En se référant à « la circulaire Valls » le ministre du Travail entend régulariser les étrangers qui exercent un emploi sur des métiers « en tension ». Il évoque la possibilité pour un étranger de pouvoir être régularisé sans passer par un employeur.  Cette mesure serait une excellente initiative et permettrait d’apporter une solution concrète à la pénurie de main-d’œuvre.

Seulement, j’invite le gouvernement à ne pas réitérer la grande contradiction de « la Circulaire Valls », en effet cette circulaire permet à un étranger de demander une régularisation s’il a 5 ans de séjour en France et 8 bulletins de salaire ou 3 ans et 24 bulletins. Cela implique que pour être régularisé il faudrait travailler, or, le travail d’un étranger en situation irrégulière est interdit. Ainsi les étrangers en situation irrégulière ont recours à l’usage de faux documents (carte d’identité italienne, belge, espagnole) pour exercer un emploi et remplir les critères de cette circulaire. Les préfectures régularisent et l’inspection du travail sanctionne. Lorsque j’explique à un étranger présent depuis 7 ans en France que pour être régularisé il lui faut des bulletins de salaire, il me dit « mais comment puis-je travailler sans titre de séjour ».

Il serait opportun d’adopter une double législation, une première qui serait applicable uniquement présente sur le territoire national en 2023, avec un effet limité dans le temps. Et adopter une législation qui s’appliquerait de manière pérenne qui sanctionnerait l’entrée irrégulière en France et organiserait autrement la régularisation.

  • Elargissement de la liste des métiers en tension

L’élargissement de la liste des métiers en tension est sans doute l’une des mesures les plus importantes et des plus efficaces que prendrait le gouvernement. En effet la liste actuelle est assez restreinte et ne permet pas véritablement de pallier la pénurie de main-d’œuvre dans plusieurs secteurs d’activité, tels que la restauration, le bâtiment, les services d’aide à la personne et le secteur agricole.

Le ministre du Travail entend également « rendre plus connu le passeport talent et avoir un outil pour permettre aux étrangers non communautaires de connaître les besoins de l’économie française, pour qu’ils puissent faire valoir leurs propresqualifications » cette mesure serait efficiente si les procédures pour le passeport sont simplifiées.

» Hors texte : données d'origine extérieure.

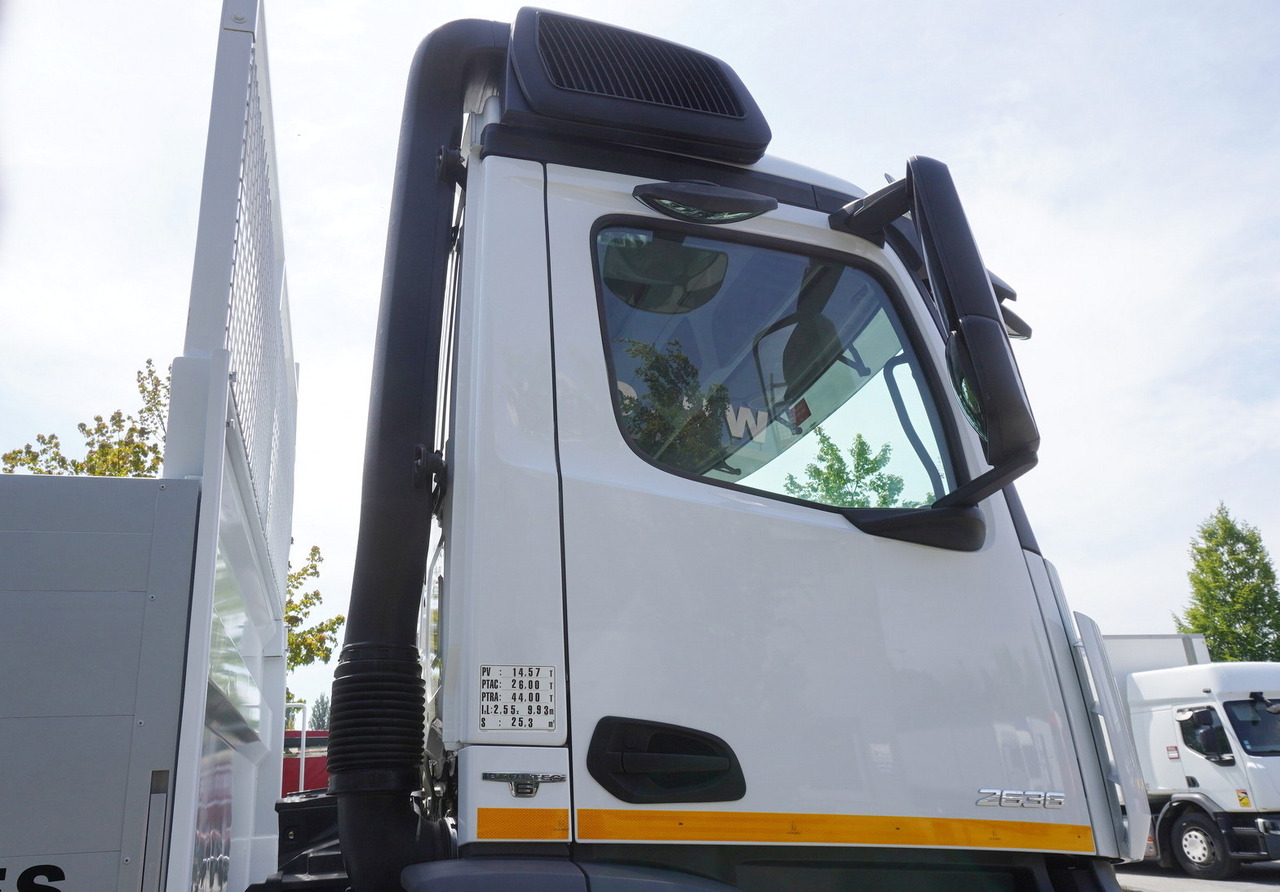 MERCEDES-BENZ Arocs 2633 flatbed truck / Crane FASSI F155A.0.23 / REMOTE CONTROL / 230,000 km MERCEDES-BENZ Arocs 2633 flatbed truck / Crane FASSI F155A.0.23 / REMOTE CONTROL / 230,000 km: slika 18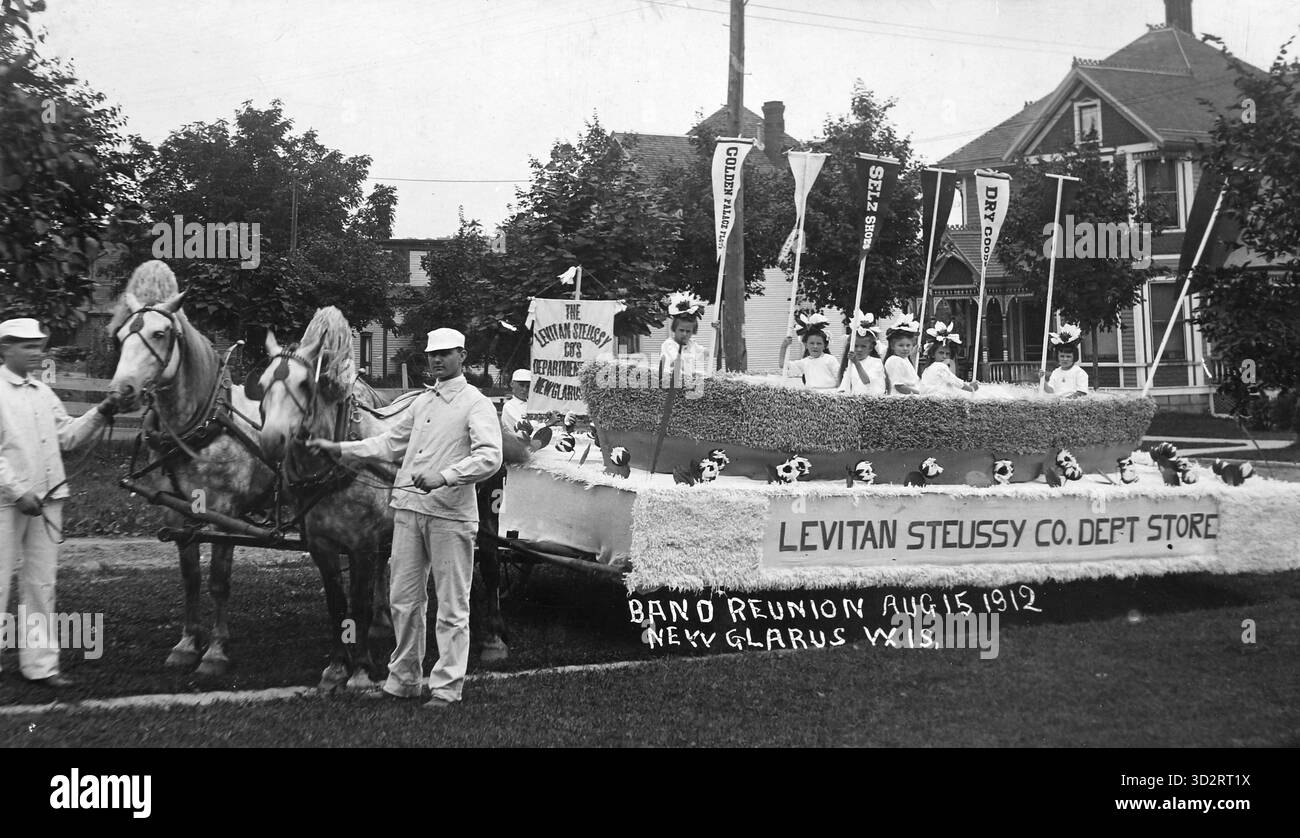 Parade flottant à New Glarus, Wisconsin, vers 1914. Banque D'Images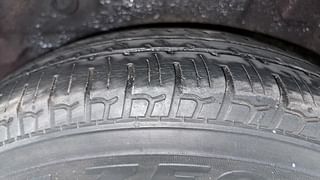 Used 2015 hyundai i10 Sportz 1.1 Petrol Petrol Manual tyres RIGHT REAR TYRE TREAD VIEW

  • Création d’un titre de séjour « métier en tension »

Le ministre du Travail propose de créer un titre de séjour « métier en tension », à définir. Il aura ainsi une protection sociale adéquate. C’est une excellente initiative, je me demande seulement si cela est nécessaire compte tenu de l’existence d’un titre de séjour salarié. Pourquoi ne pas juste faciliter l’obtention du titre de séjour salarié pour un étranger qui souhaite travailler dans un secteur en tension.

Le ministre précise cependant que « Ce titre de séjour spécifique sera là pour régulariser une situation parce qu’on démontre qu’on travaille dans un métier en tension ». Cette logique et cohérente et adaptée aux réalités actuelles.

En somme, le ministre de l’Intérieur et le ministre du Travail ont abordé ces principaux thèmes dans le cadre du projet de réforme sur l’immigration. Cependant certains sujets n’ont pas été abordés tels que la dématérialisation des procédures qui est une excellente initiative, mais qui regorge encore de plusieurs difficultés d’application et qui porte considérablement préjudice aux étrangers dans une certaine mesure.

Il demeure également le problème de l’harmonisation des procédures en préfecture en effet l’immigration connaît plusieurs difficultés en France, car le traitement des dossiers en préfecture est long il disparate les préfectures ont des pratiques différentes les unes des autres les modalités de dépôt sont différenciées ainsi que les traitements, les délais et les instructions, il serait opportun que le ministre de l’Intérieur puisse créer une procédure uniformisée pour les modalités de  dépôt et d’instruction de dossiers pour toutes les préfectures.

La question des visas d’entrée en France n’est pas abordée, le gouvernement devrait se positionner et annoncer un politique clair en matière de visa d’entrée en France.